And the pushback against what most Greens both can't understand nor wish to acknowledge - the vast public is rejecting it and HARD.

Look at what degrowth / deindustrialization is doing to Germany and its people. With increasingly more and more expensive energy (thanks to the policies of the Greens who are still trying to sell "look at the energy nirvana we are giving to you") and increasingly scares.

The Transportation Minister has threatened to cancel all vehicle traffic during weekends in order to "achieve our emissions goals". Even as people are losing their livelihoods.

Look at the Netherlands where emissions goals have meant putting farmers out of business and mandatory sales to the Govt of their land - this, the country that on a per capita basis, is the leading exporter of food and feeding the world. The pushback is now such that the Farmers political party is now the second biggest - in 3 years!

THose are but just two small examples (do you know what happened in Sri Lanka, for a third??). Proving that monomaniacal emphasis is proving to be absolutely a wrong headed attempt at windmill-tilting.

People are MORE than about emissions and power - this movement continues to not recognize that people have vast and multi-dimensional interests and needs and refuse to be forced into viewing Life from the sufficiency/Eco-Socialism lens that is demanding to be everyone's first priority.

Or is it "Not recognize" but more aligned with "refuses to see and acknowledge"?

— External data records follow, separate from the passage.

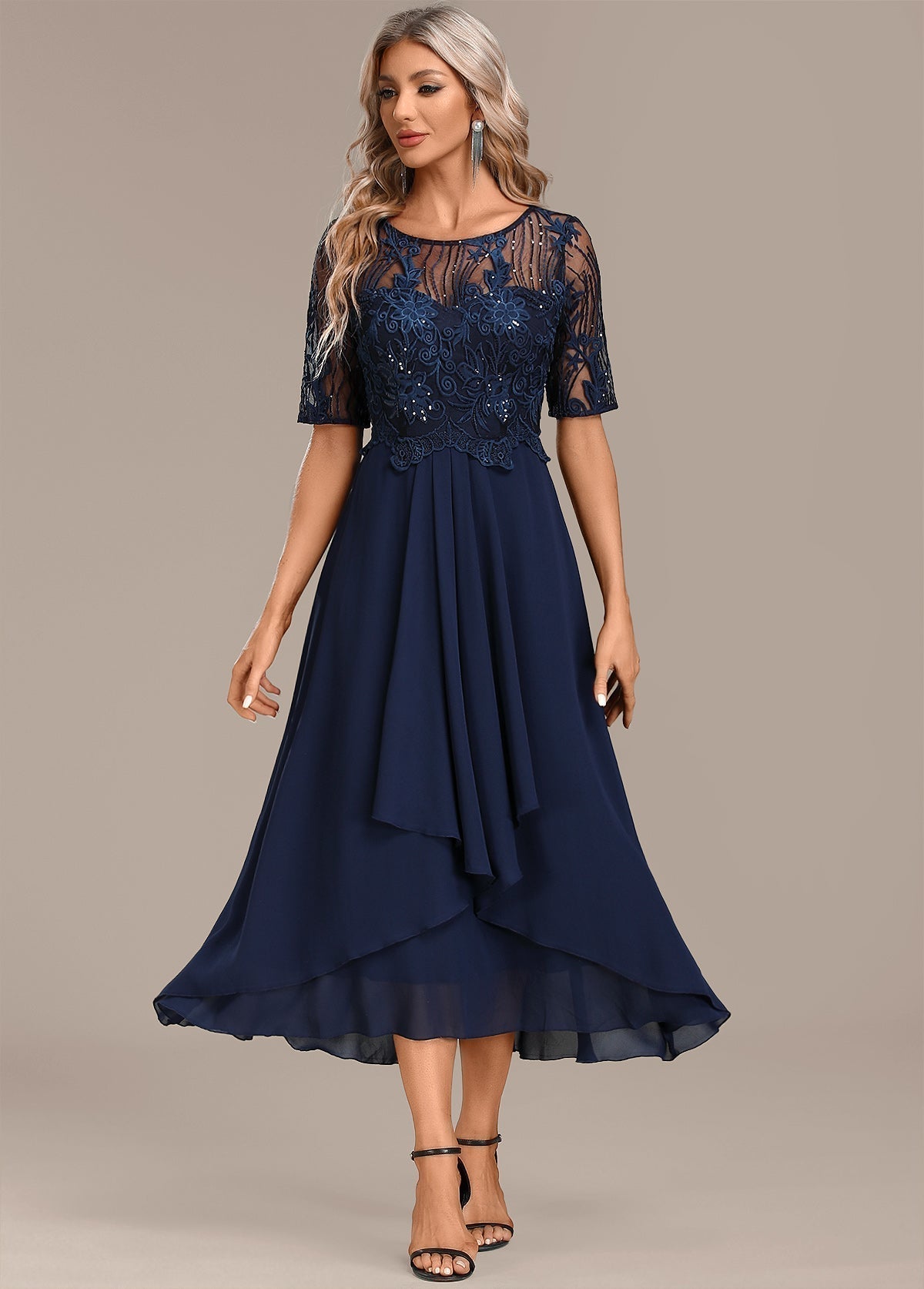 Robe Courte en Dentelle Bleu Marine avec Manches Courtes et Col Rond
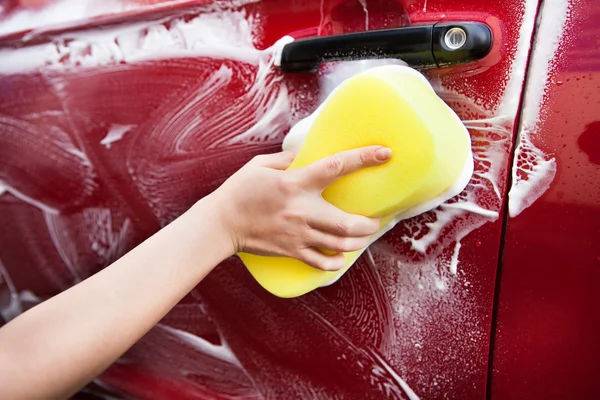 Mão segurar esponja sobre carro — Fotografia de Stock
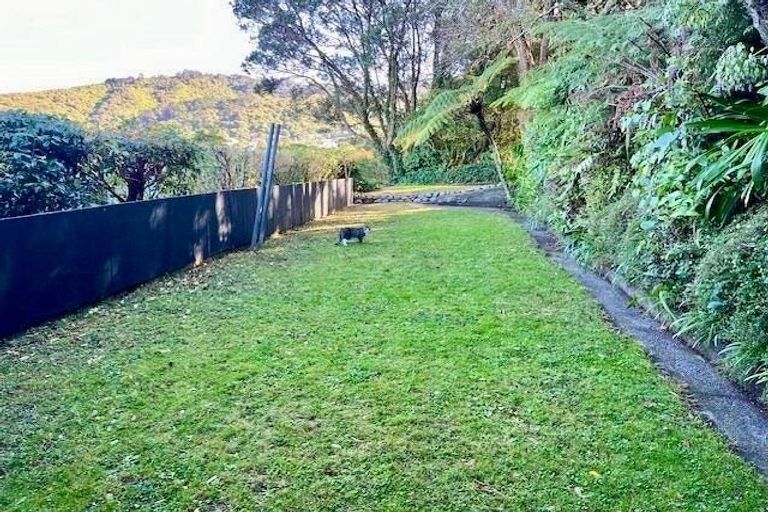 Photo of property in 18 Karachi Crescent, Khandallah, Wellington, 6035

I won't speak for VB but I am certainly one that is trying to temper that outlook in trying to convince folks here that you MUST broaden out your energy jihad against not-like-minded people, you will fail.

Or end up with such authoritarian regimes to MAKE it happen in a one-size fits all, that while you may achieve your aims but end up asking yourselves "er, we're not liking the secondary, tertiary, and beyond aftereffects that we have brought upon everyone."

Have you bothered to wargame that out yet? You should, and ask yourselves some very hard questions about those What If situations.

Look, I am not against y'all here - I'm just trying to soften the outlook, timelines, Freedom, and costs of this all.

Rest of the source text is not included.